- IATA: none; ICAO: KRIU; FAA LID: RIU;

Summary
- Airport type: Public
- Owner: Rancho Murieta Airport Inc.
- Location: Rancho Murieta, California
- Elevation AMSL: 141 ft (43 m)
- Coordinates: 38°29′12″N 121°06′10″W﻿ / ﻿38.48667°N 121.10278°W
- Interactive map of Rancho Murieta Airport

Runways
| Direction | Length |  | Surface |
| ft | m |
| 4/22 | 3,800 | 1,158 | Asphalt |

Statistics (2002)
- Aircraft operations: 27,500
- Based aircraft: 64
- Source: Federal Aviation Administration

= Rancho Murieta Airport =

Rancho Murieta Airport is a public-use airport located one mile (1.6 km) west of the central business district of Rancho Murieta, in Sacramento County, California, United States. It is privately owned by Rancho Murieta Airport Inc.

Although most U.S. airports use the same three-letter location identifier for the FAA and IATA, Rancho Murieta Airport is assigned RIU by the FAA but has no designation from the IATA.

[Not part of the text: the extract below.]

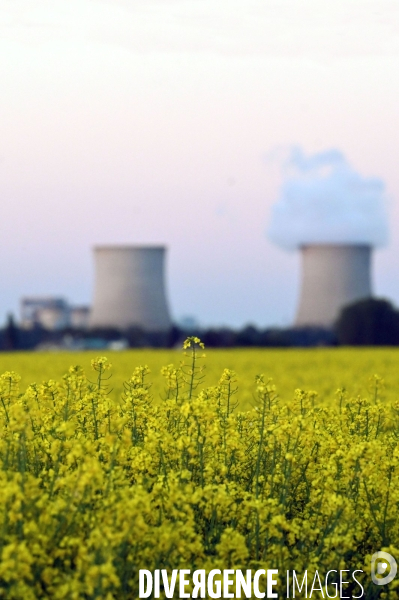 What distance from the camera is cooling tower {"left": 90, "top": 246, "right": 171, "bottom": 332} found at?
36062 mm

== Facilities and aircraft ==
Rancho Murieta Airport covers an area of 76 acre which contains one asphalt paved runway (4/22) measuring 3,800 x 75 ft (1,158 x 23 m).

For the 12-month period ending December 31, 2002, the airport had 27,500 aircraft operations, an average of 75 per day: 96% general aviation and 4% air taxi. There are 64 aircraft based at this airport: 80% single engine, 8% multi-engine, 11% helicopters, and 2% ultralight.

==Ground Transportation==
The Amador Transit 1 bus provides weekday connections to/from Downtown Sacramento. The fare is $4.